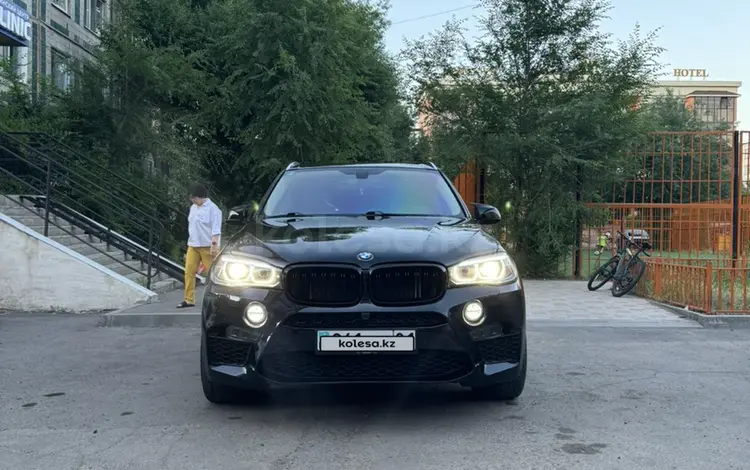BMW X5 2016 годаfor19 500 000 тг. в Астана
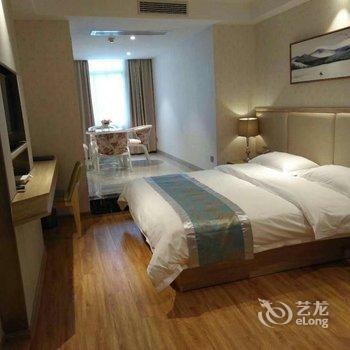 Q+漳州尚好华庭精品酒店酒店提供图片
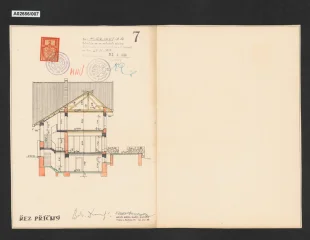 Vila Bohumíra Dvorského, Olomouc - Sv. Kopeček, ul. Dvorského 161/1
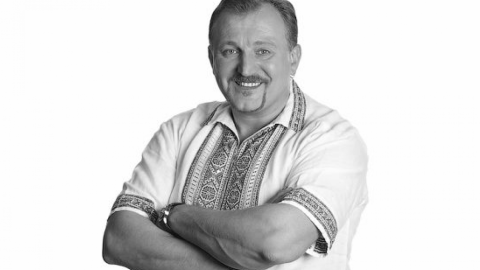 Роман Вірастюк. Фото: Facebook/Ігор Жданов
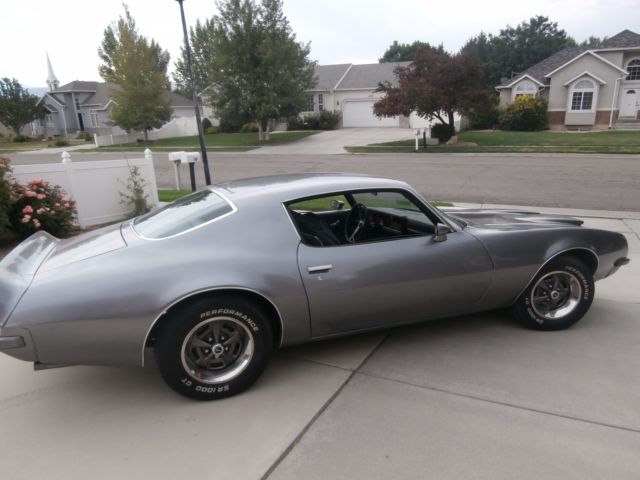 1974 Pontiac Firebird Formula - photo 11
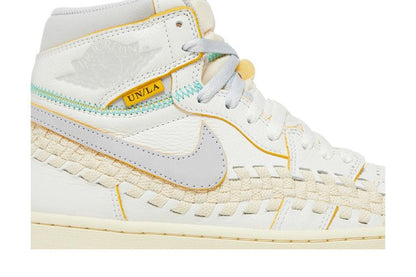 Jordan 1 Low ALT SE White French Blue Topaz Gold Coral Chalk (PS)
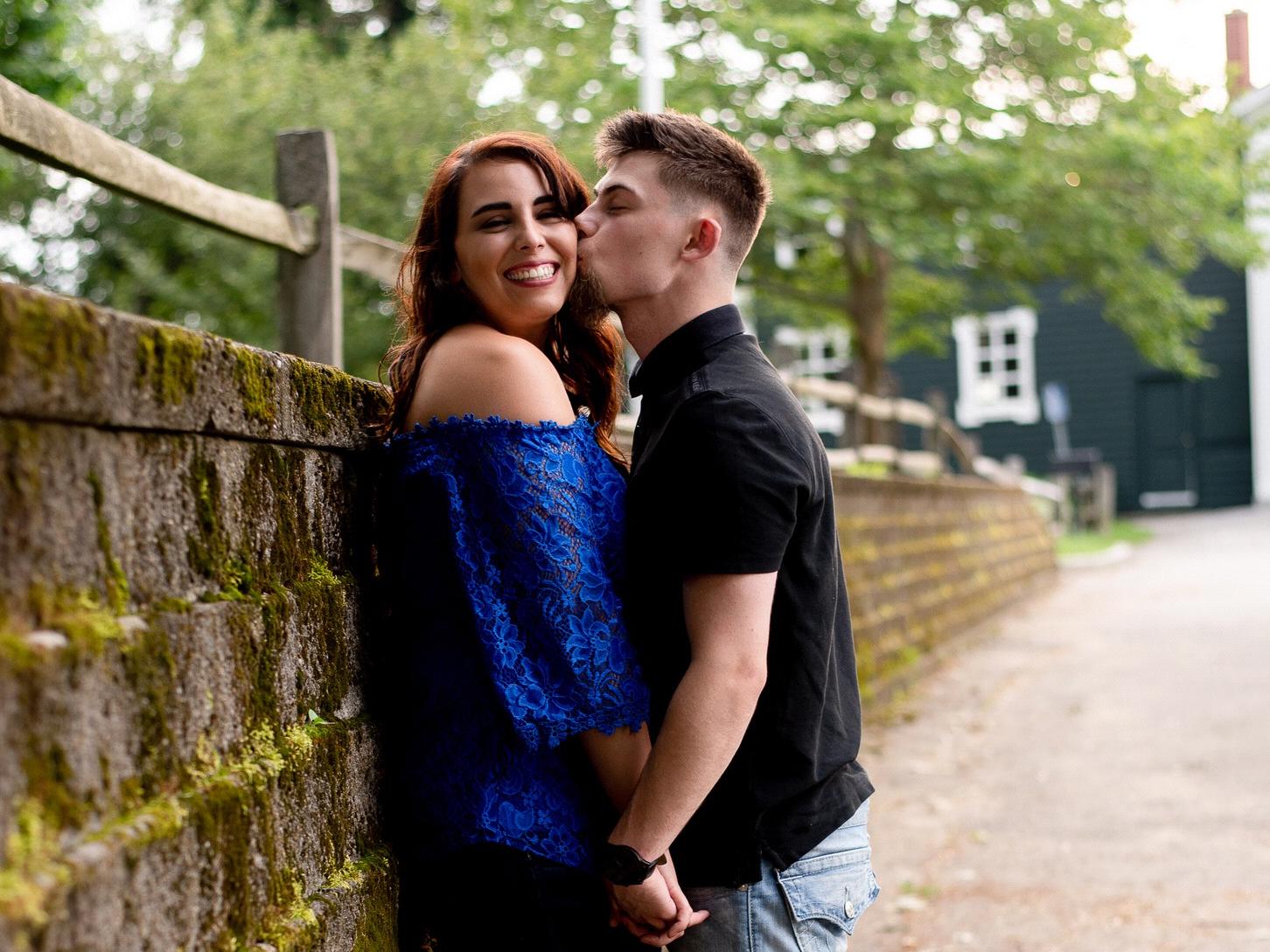 The Wedding Website of Olyvia Mitchell and Nicholas Brooks
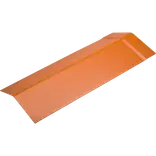 Swisspearl Vinkelrygning 240x1200 mm teglrød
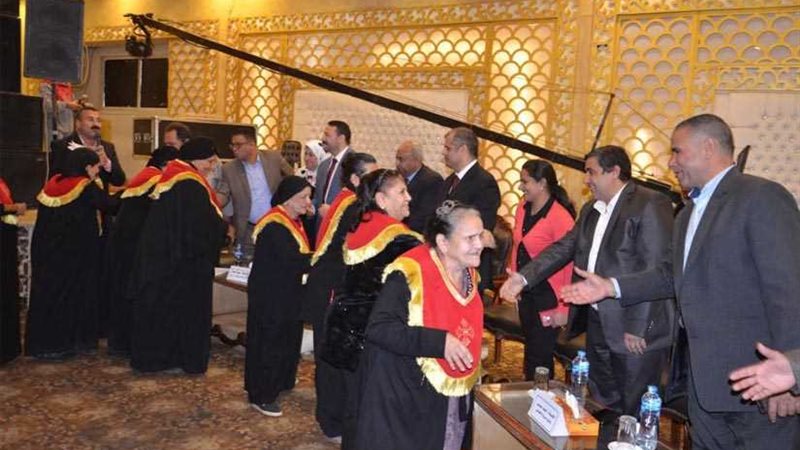 احتفالية بني سويف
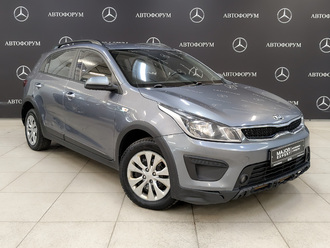 фото Kia Rio X 2020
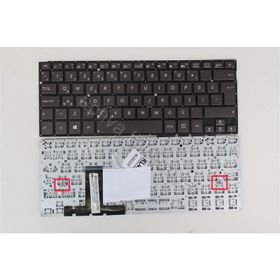 Asus UX32 Klavye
....................
TO DO:
Write out the data in full and exactly as given, though without the images.

SOLUTION FOR THIS EXERCISE:
BMW X5 2016 годаfor19 500 000 тг. в Астана
 Q+漳州尚好华庭精品酒店酒店提供图片
 Vila Bohumíra Dvorského, Olomouc - Sv. Kopeček, ul. Dvorského 161/1
 Роман Вірастюк. Фото: Facebook/Ігор Жданов
 1974 Pontiac Firebird Formula - photo 11
 Jordan 1 Low ALT SE White French Blue Topaz Gold Coral Chalk (PS)
 The Wedding Website of Olyvia Mitchell and Nicholas Brooks
 Swisspearl Vinkelrygning 240x1200 mm teglrød
 احتفالية بني سويف
 фото Kia Rio X 2020
 Asus UX32 Klavye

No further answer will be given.